● Work request: Copy the lines below exactly, starting at the one with "Honda CB125R - Vista 8" and ending at the one with "12000 Stonington Street, Bakersfield, CA", and leave out any picture.

▶

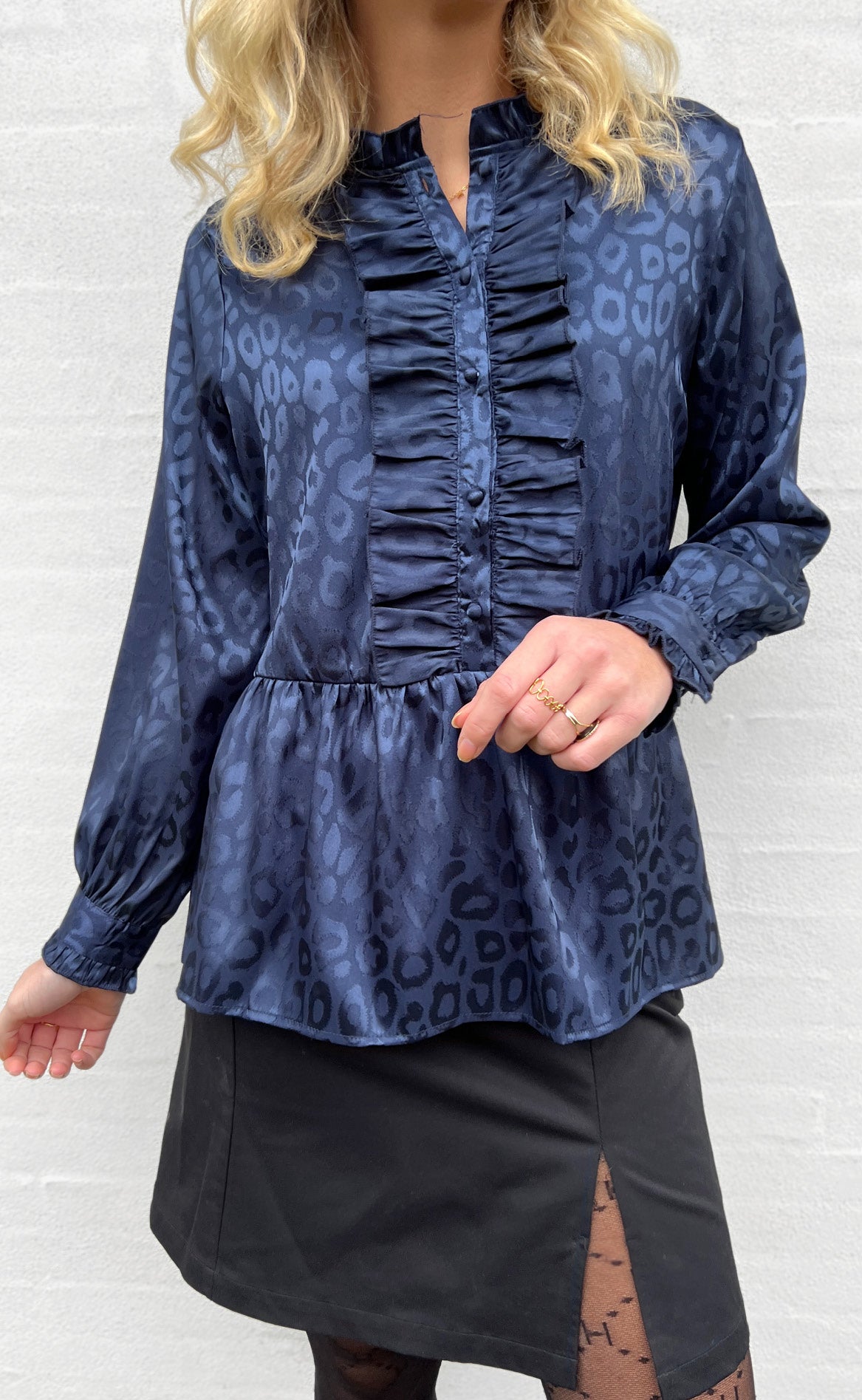 Say INA Copenhagen Skjorte - Evie - Navy Blue Leopard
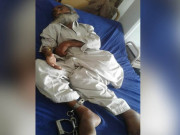 مردان میں فالج زدہ معمر قیدی کی میت کو ہتھکڑیاں تصویر وائرل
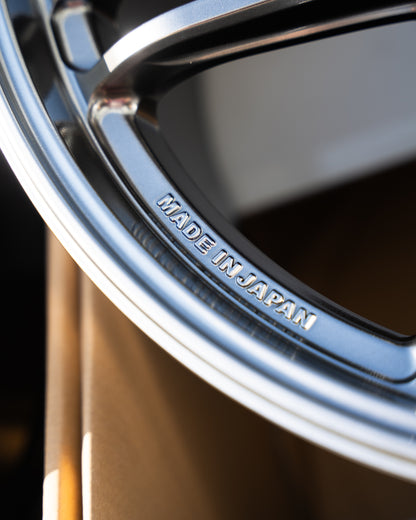 AME Tracer TM02 / 18x9.5 +38 / 5x100 / Hyper Silver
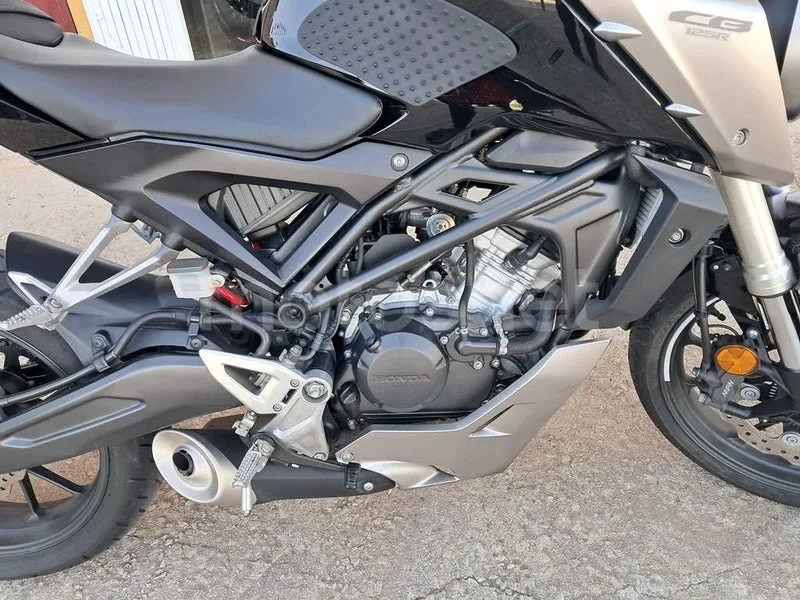 Honda CB125R - Vista 8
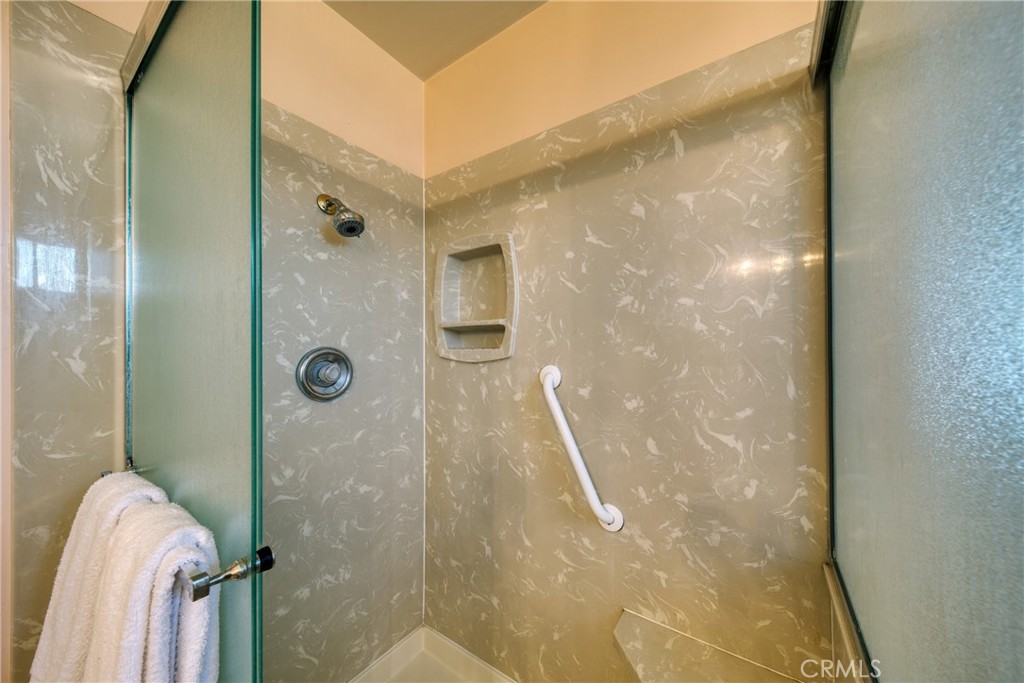 805 E Barkley Avenue, Orange CA 92867 - photo 25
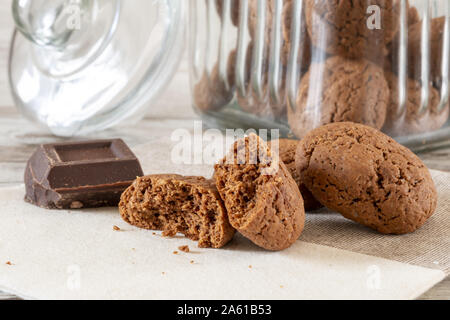 Biscotti della Nonna al cioccolato fondente con un vaso di vetro Banque D'Images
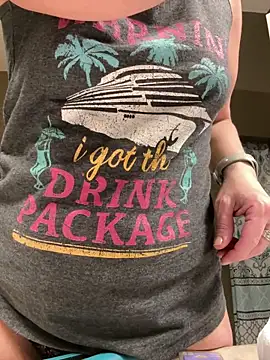 YogaHottie76 online show from February 5, 2025, 1:44 pm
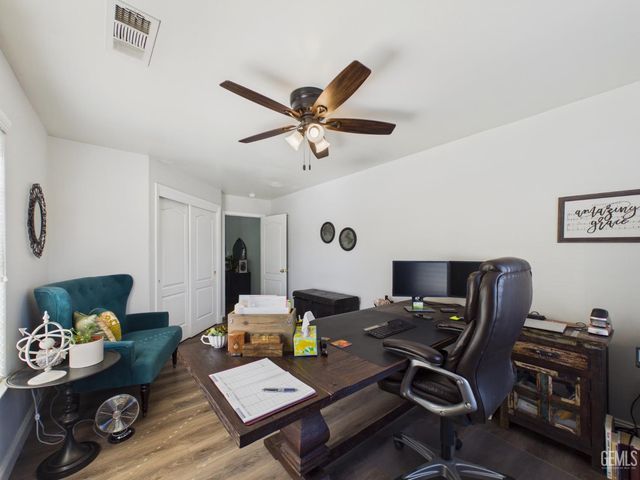 12000 Stonington Street, Bakersfield, CA 93312
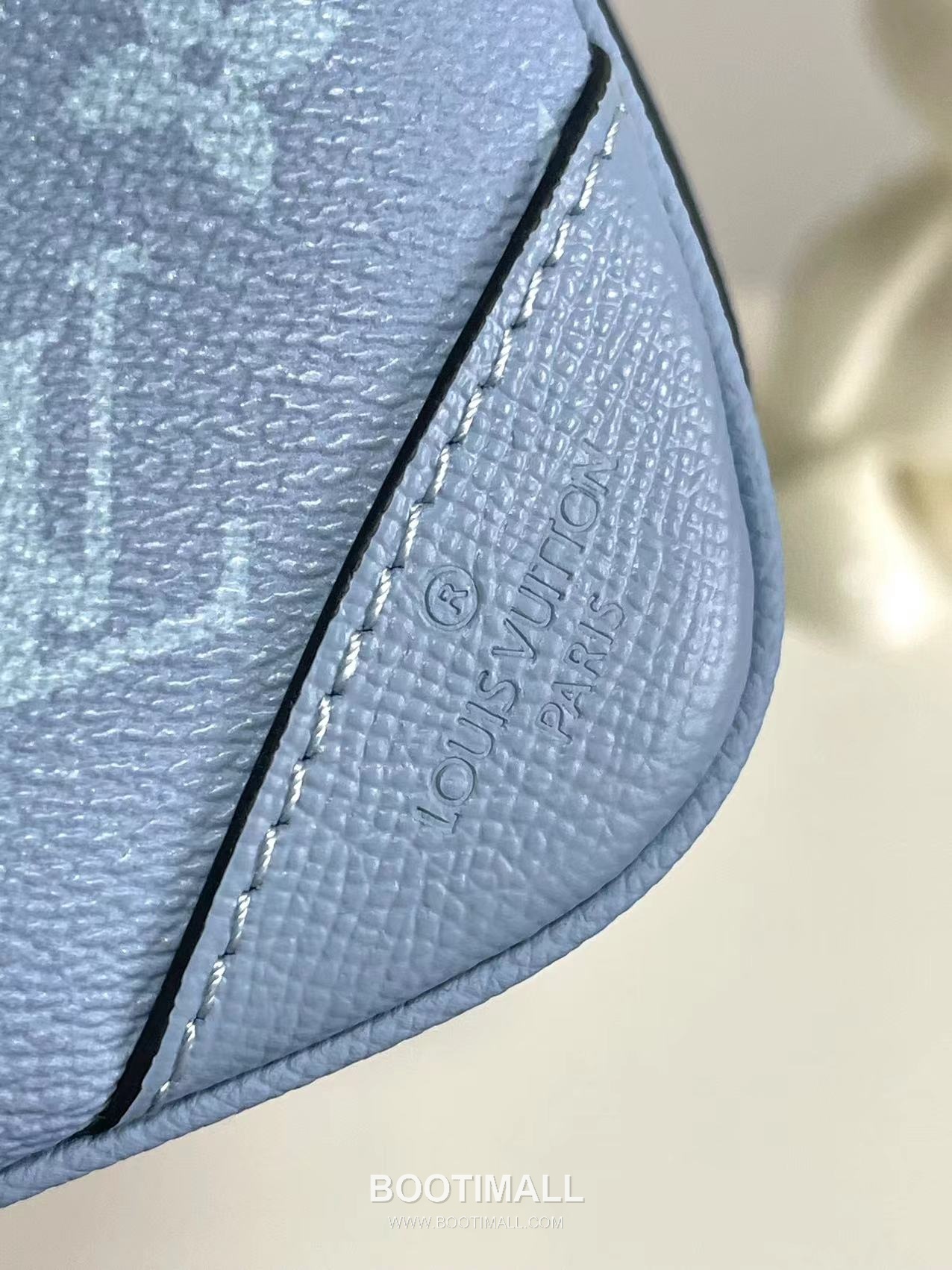 Louis Vuitton Trio Monogram Taiga Coated Canvas Zip Wallet 루이비통 트리오 모노그램 타이가 M14069 코팅 캔버스 지퍼지갑 25cm 6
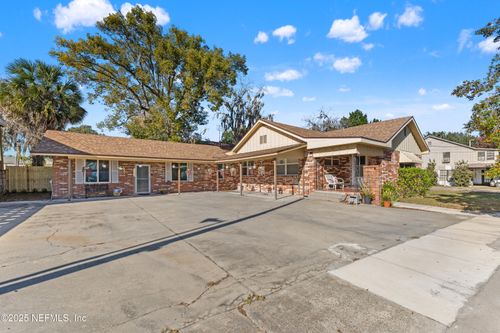 34 N College St, Macclenny, FL, 32063-2130 | Card Image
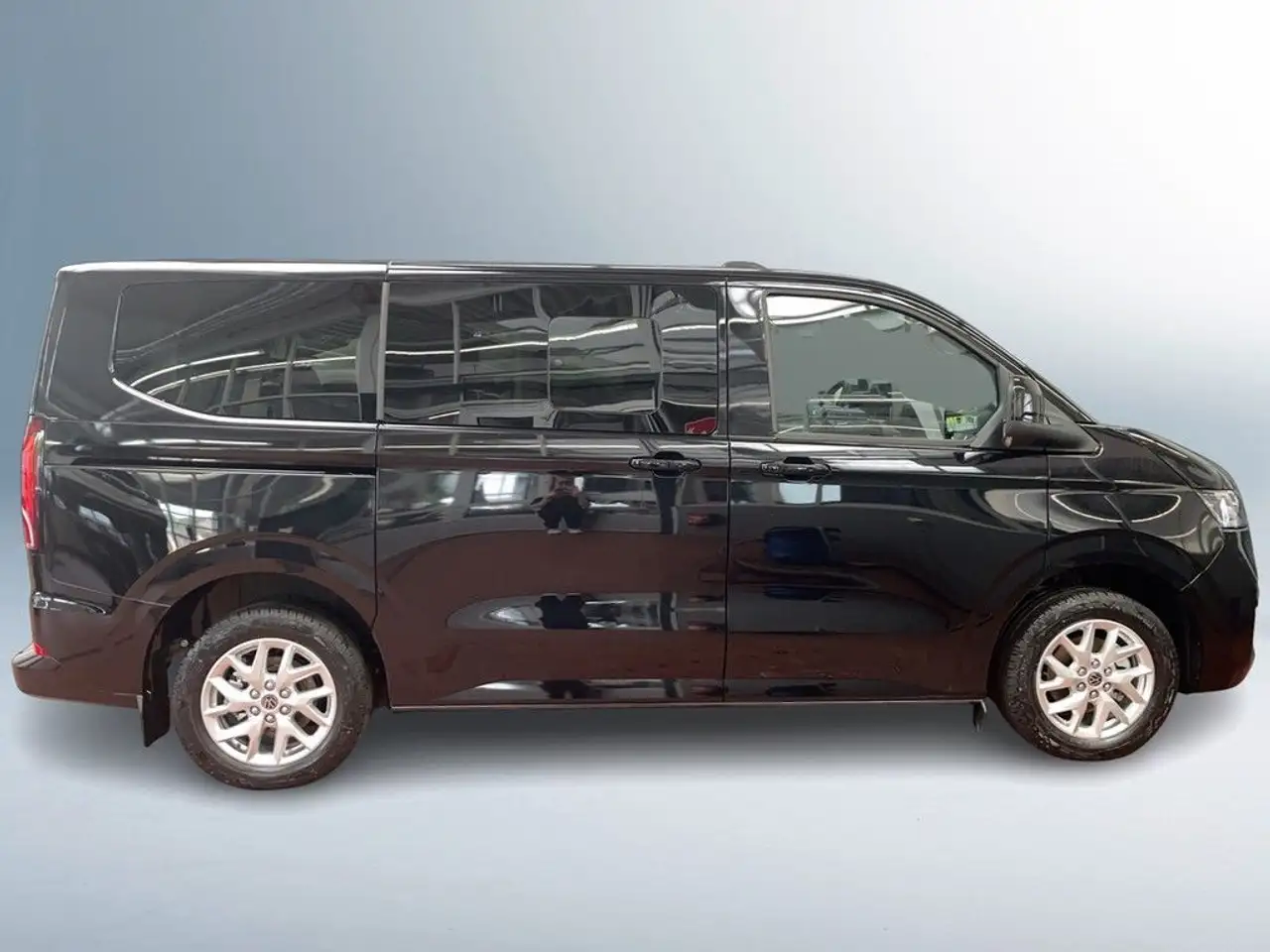 Volkswagen T7 Caravelle Style 160 kW Automatik 12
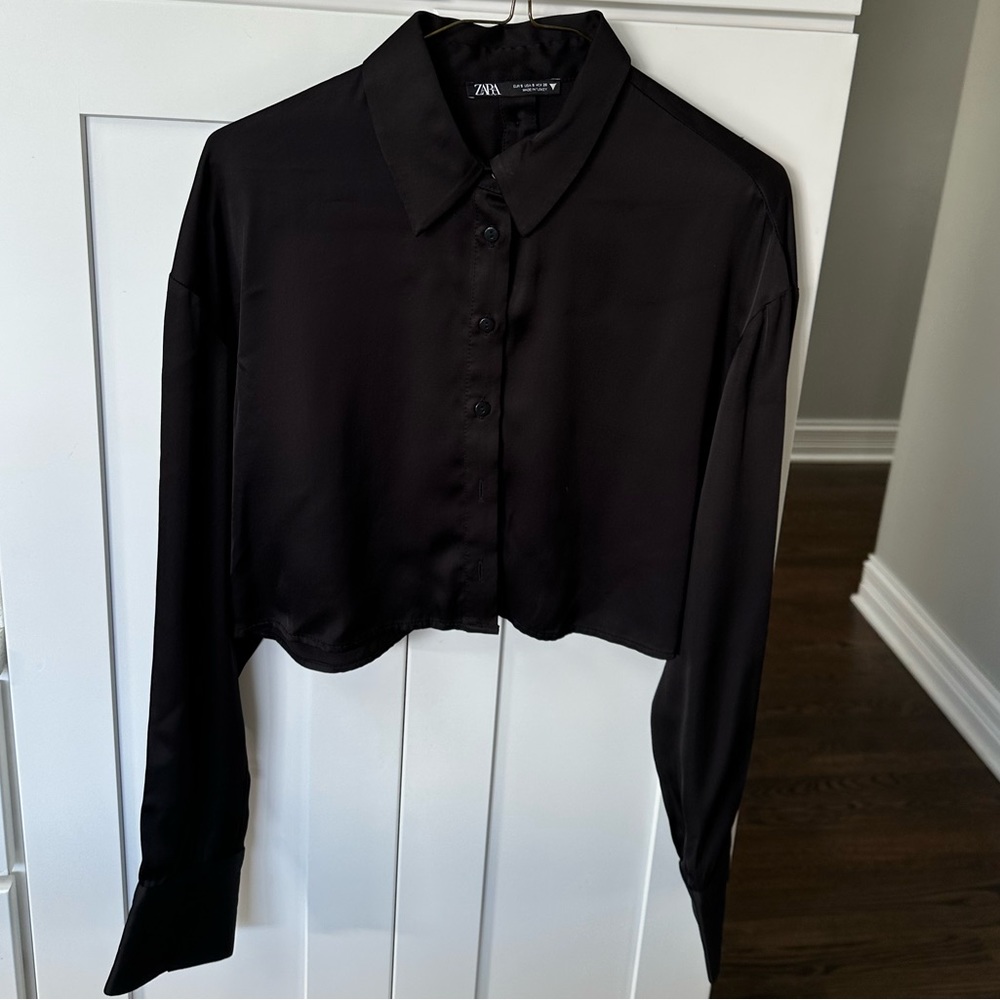Zara satin effect croped shirt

◀

● Exercise response:
 Honda CB125R - Vista 8
 805 E Barkley Avenue, Orange CA 92867 - photo 25
 Biscotti della Nonna al cioccolato fondente con un vaso di vetro Banque D'Images
 YogaHottie76 online show from February 5, 2025, 1:44 pm
 12000 Stonington Street, Bakersfield, CA 93312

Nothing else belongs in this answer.